Rep. James Clyburn: Mother Emanuel shooting ‘started a reexamination of what this country is and what this country could be’

Majority whip and longtime Democratic Party leader James Clyburn joins Yahoo News Editor in Chief Daniel Klaidman and Chief Investigative Correspondent Michael Isikoff to discuss the five-year anniversary of the Mother Emanuel AME church shooting that left nine people dead at the storied African-American house of worship.

Video transcript

JAMES CLYBURN: The 17th of June, Wednesday, marks the fifth anniversary of that horrific event. And it was the response to that event on two fronts that I think instructs us about this five-year anniversary.

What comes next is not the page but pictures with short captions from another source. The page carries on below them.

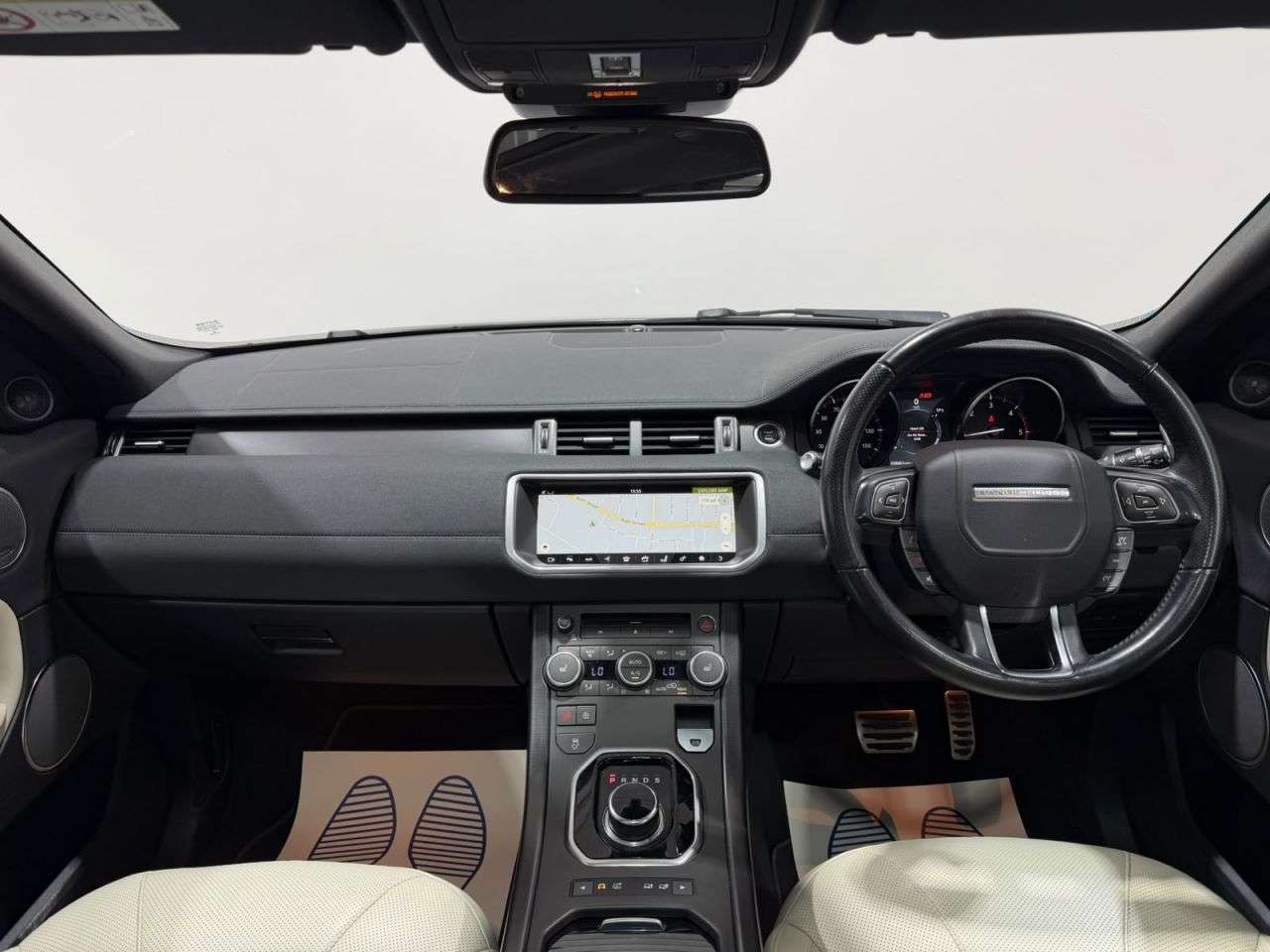 A 2018 LAND ROVER RANGE ROVER EVOQUE 2.0 TD4 HSE Dynamic SUV 5dr Diesel Auto 4WD Euro 6 (s/s) (180 ps) NATIONWID A 2018 LAND ROVER RANGE ROVER EVOQUE 2.0 TD4 HSE Dynamic SUV 5dr Diesel Auto 4WD Euro 6 (s/s) (180 ps) NATIONWID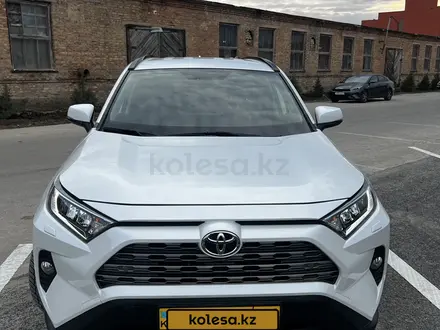 Toyota RAV4 2021 года за 16 500 000 тг. в Атырау – фото 4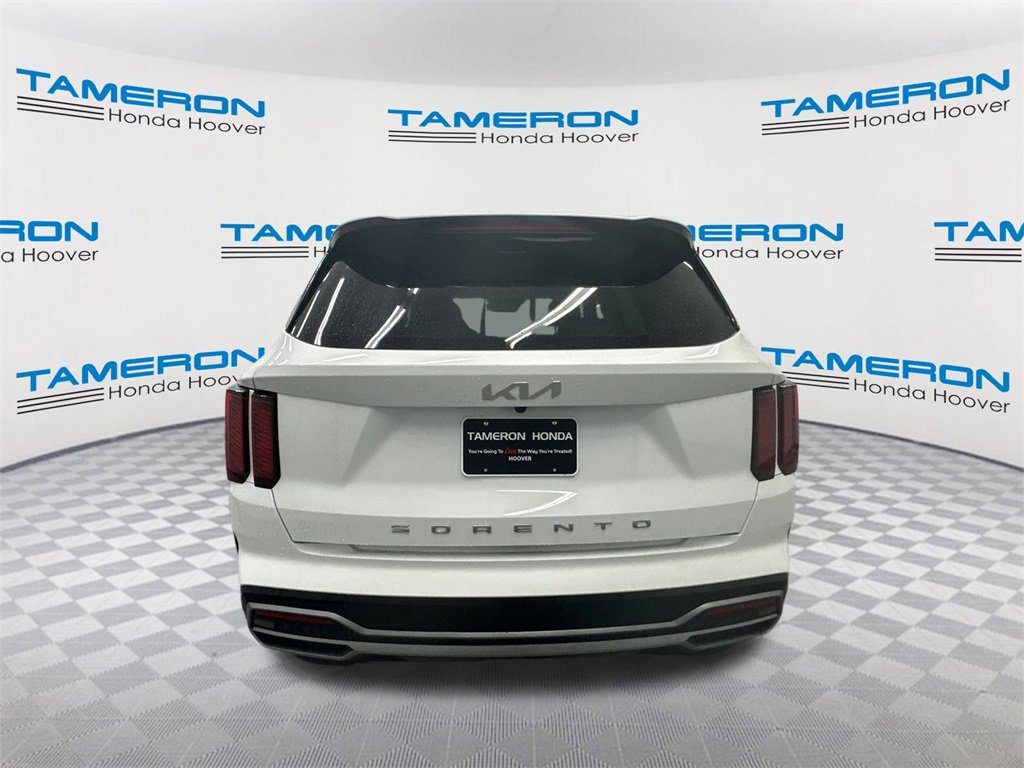 Used 2022 Kia Sorento EX w/ Panoramic Sunroof Package image 4
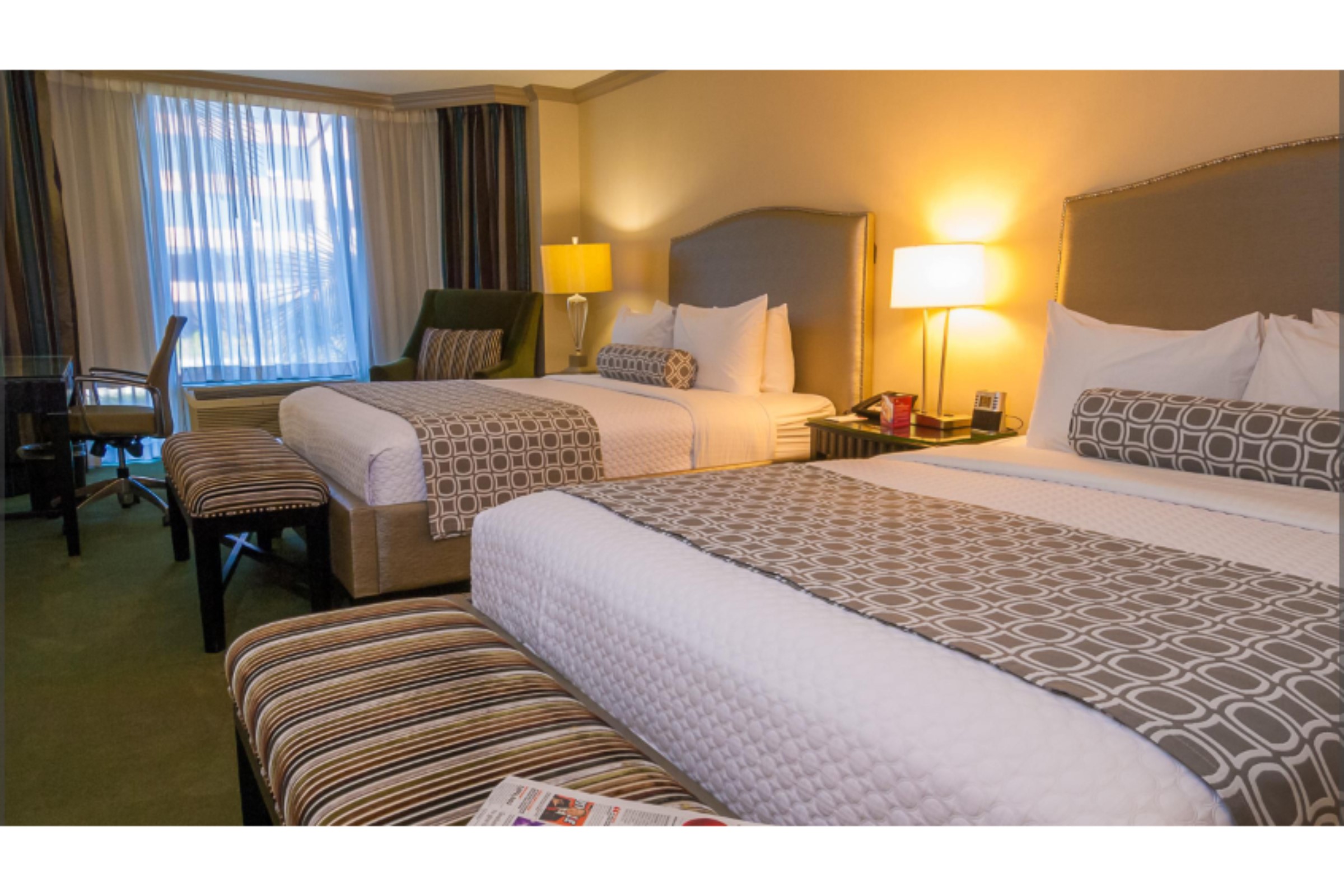 Double Two Queen Beds Non Smoking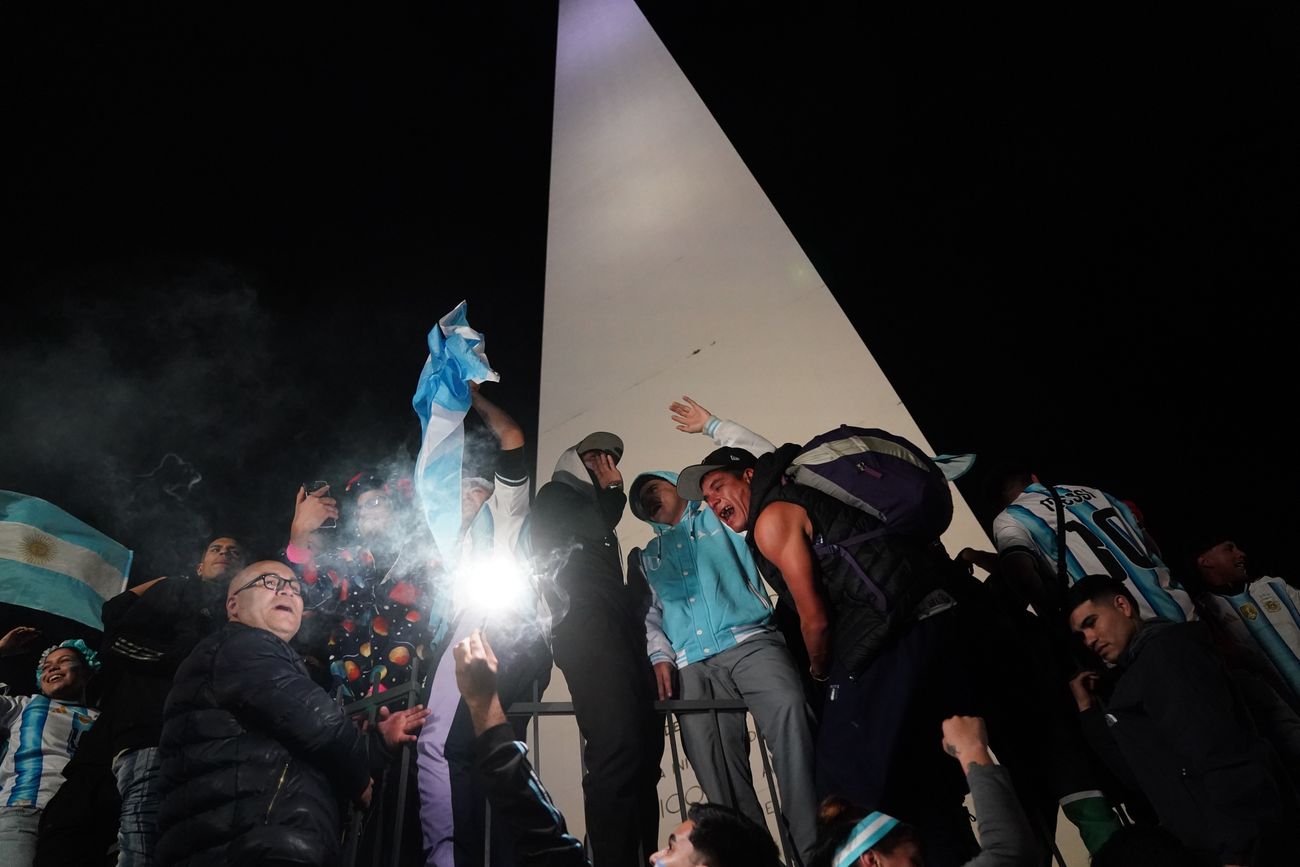 En fotos: así se vive la fiesta en el Obelisco tras la victoria ante Inglaterra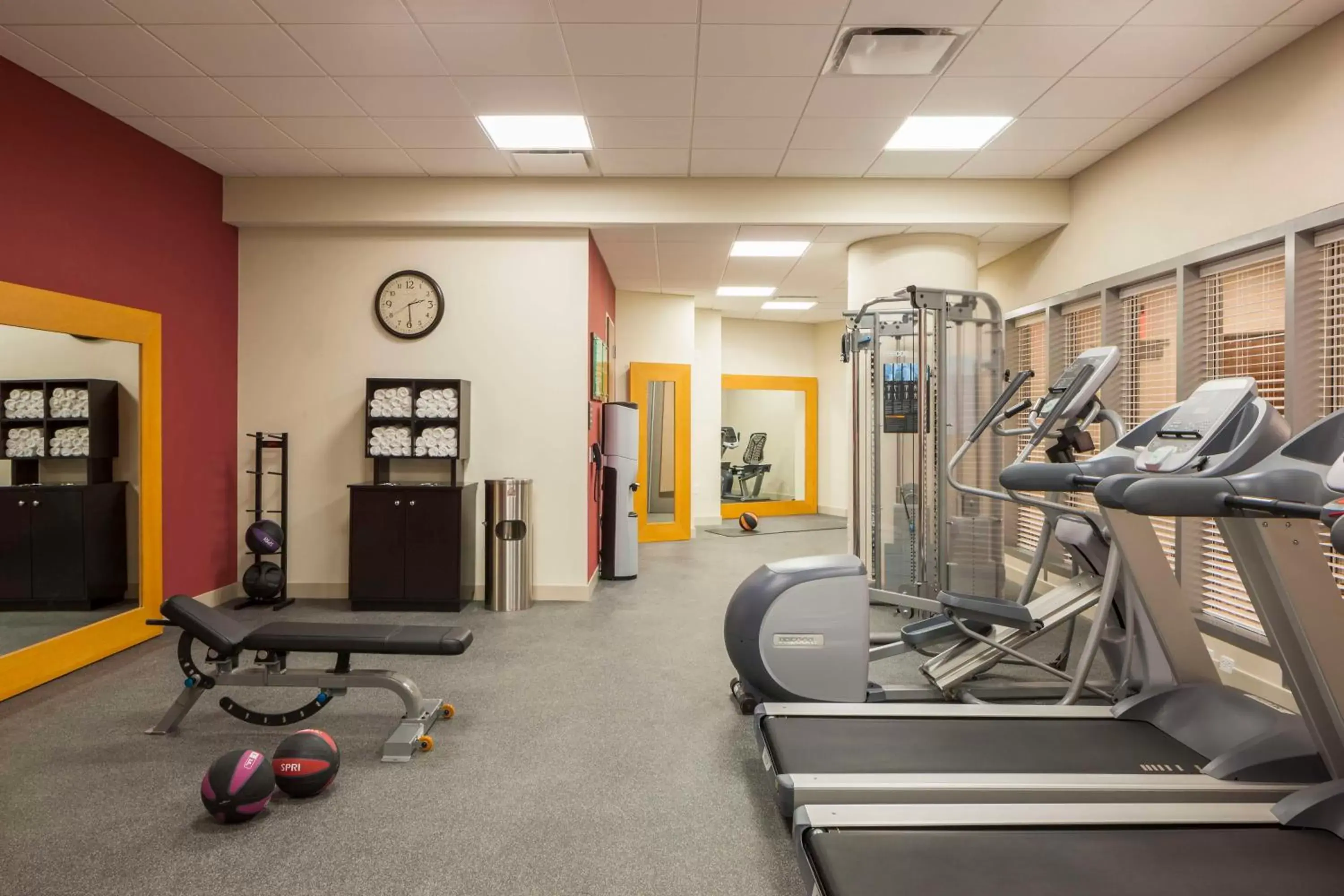 Fitness centre/facilities, Fitness Center/Facilities in Hilton Garden Inn Long Island City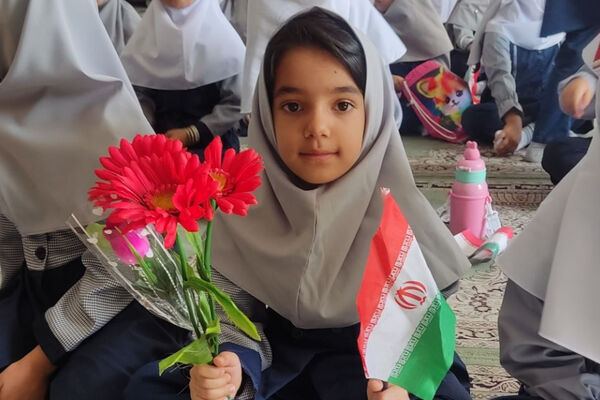 غنچه‌های امید در آغوش دبستان فاطمیه لردگان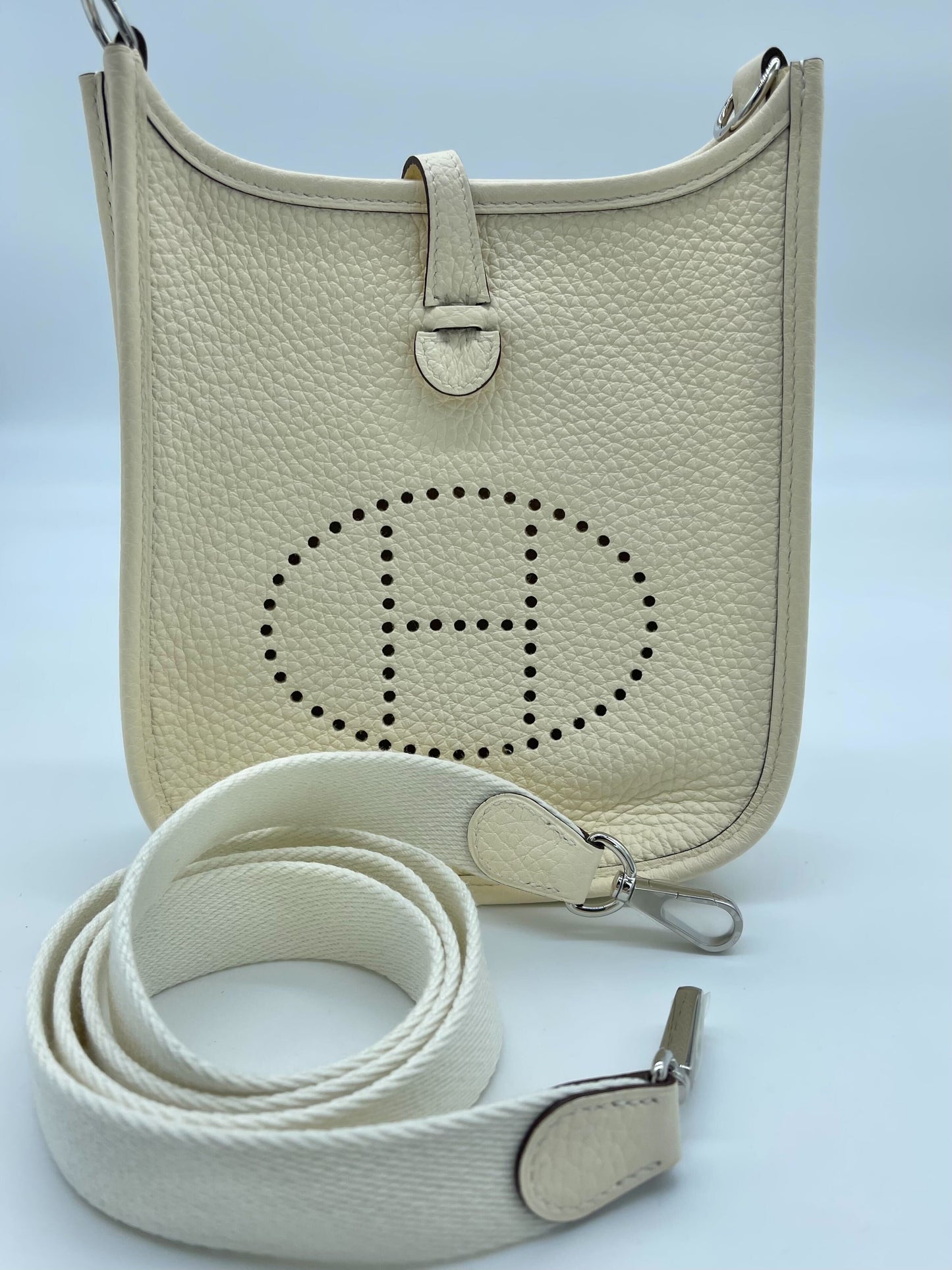 Luxury Hermes Evelyne 16 Amazone Taurillon Clemence Bag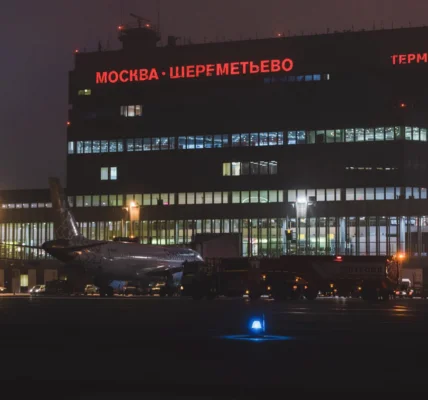 Росавиация закрыла транзитный пролет над Москвой: рейсам придется делать крюк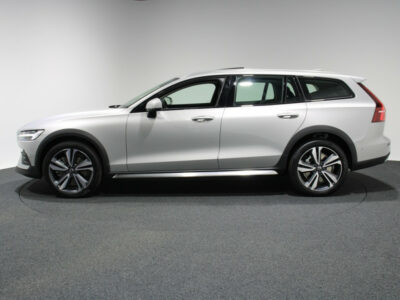 Volvo V60 Cross Country B5 AWD Plus Schuifdak ACC 360 Camera Leder Automaat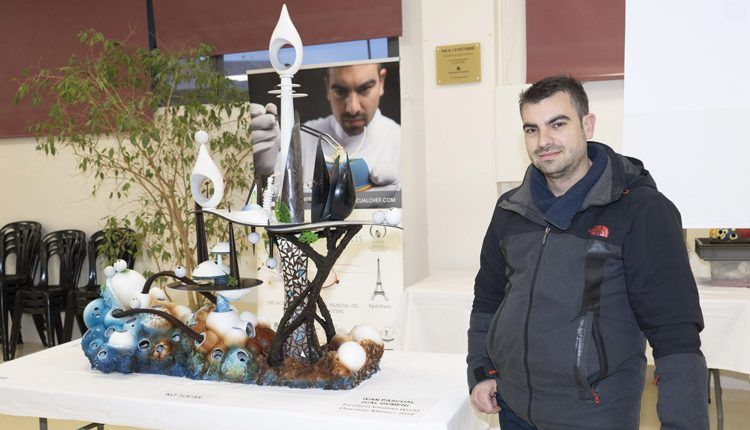 ALMENAR EXHIBEIX LA CREACIÓ AMB LA QUE EL XEF IVAN PASCUAL VA CONCURSAR A PARIS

Number one, the response of the police. Two days after that shooting, this 21-year-old self-professed white supremacist who went into that church, invaded a Bible study, killed nine people, went up to North Carolina, and was arrested-- when he was arrested, all the videotapes show that several policemen approach his automobile. And when they did, the automobile stopped.

And as they arrested him, though they had their guns drawn at the beginning, they [? re-hosted ?] their guns. And they took him out of the car in a very civil way. When he was thirsty, they gave him water. He said he was hungry, and they took him to a Burger King before taking him back to Charleston to face justice. That's the first instruction on how to conduct an arrest.

The second bit of instruction, I think, came after, at the hearing, when those family members looked at this guy, who had just murdered their family and friends, and they said they forgave him. That, to me, started a reexamination of what this country is and what this country could be.